The Worst Reliability Requirement

by Mark Powell

Most of us have seen reliability specified using a requirement like the following:

The Zeus 5000 SUV shall have an MTBF of 144,269.5 miles with a 90% confidence.

Some readers may not have seen reliability requirements specified in any other way. What they have always seen has read something like: The widget shall have an MTBF of X with a Y% confidence. This reliability requirement structure is rather ubiquitousin military and aerospace specifications, which along with Mil-HDBK-217, have been major influences in reliability specification practices for decades in many industries.

If this specification were to be found in the Zeus 5000 SUV product brochure, the average car buyer might be impressed. Some engineers might even be impressed.

But as a systems engineer, I can tell you that there are a number of major problems with that reliability requirement.

Problem Number One

What was the requirement writer thinking when they wrote that requirement? Were they in a Mil-HDBK-217 mindset? Were they thinking that the exponential distribution model would accurately model Zeus 5000 SUV failures?

The exponential distribution model has the following density function, which uses MTBF as its only parameter.

$$ f\left(t\right)=\frac{1}{\theta}e^{-\frac{1}{\theta}} $$

If they were in a Mil-HDBK-217 mindset and thinking of an exponential failure model, this MTBF specification of 144,269.5 miles means that the Zeus 5000 SUV has just a 50% reliability at 100,000 miles.
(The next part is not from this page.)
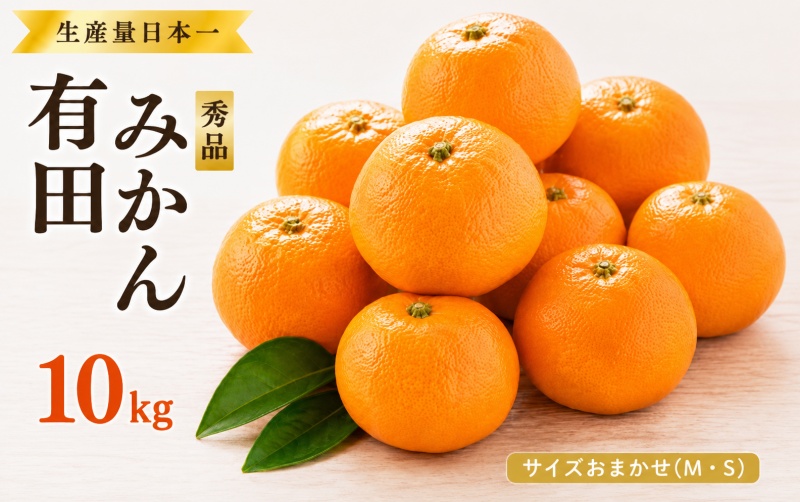 特選 紀州 有田 みかん 10kg サイズおまかせ(М・Ｓ)  ※2026年12月上旬～下旬頃発送予定（お届け日指定不可）/ 温州みかん 有田みかん 甘い 高級 和歌山 柑橘【sml004-p-10】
Is this what the requirement writer really wanted, a 50% probability of failure before 100,000 miles? That spec in the product brochure would probably not sell a lot of Zeus 5000 SUV’s. Could you then blame the manufacturer for using an MTBF specification in their sales literature? It certainly sounds much, much better.
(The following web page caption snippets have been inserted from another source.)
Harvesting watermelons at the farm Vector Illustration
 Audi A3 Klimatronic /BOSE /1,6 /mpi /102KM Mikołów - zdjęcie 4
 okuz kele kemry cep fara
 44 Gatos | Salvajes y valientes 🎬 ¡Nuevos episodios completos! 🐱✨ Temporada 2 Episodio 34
The use of MTBF as a reliability specification can be very misleading to the customer, and perhaps to the engineers responsible for a design to meet it, which is usually not desirable.

Problem Number Two

Suppose this requirement is given to the Zeus 5000 SUV design team as is. The design team must develop a cost-effective vehicle design that will satisfy this requirement, exactly as stated. Because MTBF is the one and only parameter of the exponential distribution model, design engineers almost always automatically interpret such a requirement to mean that they should design the product to fail with an exponential model. Often they don’t even realize that other models could be used. Because of the Memoryless property of the exponential model, anything in nature or made by the hand of mankind can only at best approach a failure mode consistent with the exponential model. No matter how hard the design team works at it, they will not be able make the Zeus 5000 SUV fail exactly with an exponential failure distribution. That is not critically important however, but it could cause some design effort to be wasted.
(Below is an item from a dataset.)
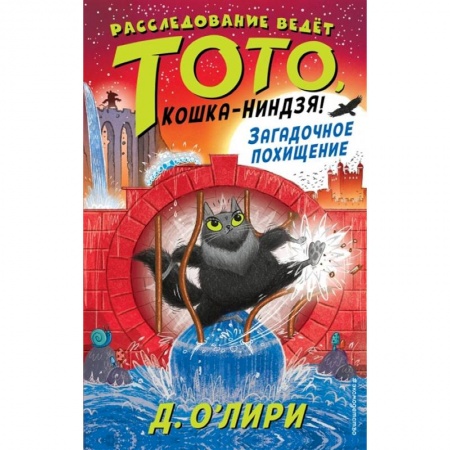 Приключения. Детективы, книга Загадочное похищение купить по скидке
Suppose this design team is aware of other models besides the exponential. The design engineers have been asked (or required) to design the Zeus 5000 SUV such that it will fail with an MTBF of 144,269.5 miles. The MTBF calculation does not depend on any particular failure distribution. So, for a given MTBF, the resulting reliability at 100,000 miles can be quite different from the 50% (or whatever) value that the requirement writer may have actually had in mind. Figure 1 shows three different failure distributions that a design team might produce for the Zeus 5000 SUV, all with an MTBF of 144,269.5 miles (green vertical line).

Three plots of failure distribuitons, for early failures, steady state failures, and wear out failures. — Figure 1: Three different design failure distributions for the Zeus 5000 SUV

Design failure distribution B is the exponential model that the requirement writer might have had in mind if they were in a Mil-HDBK-217 mindset. The reliability at 100,000 miles is 50%. Design failure distribution A has a reliability at 100,000 miles of 30.8%, i.e., 69.2% of failures will occur before 100,000 miles (crosshatched area under the curve).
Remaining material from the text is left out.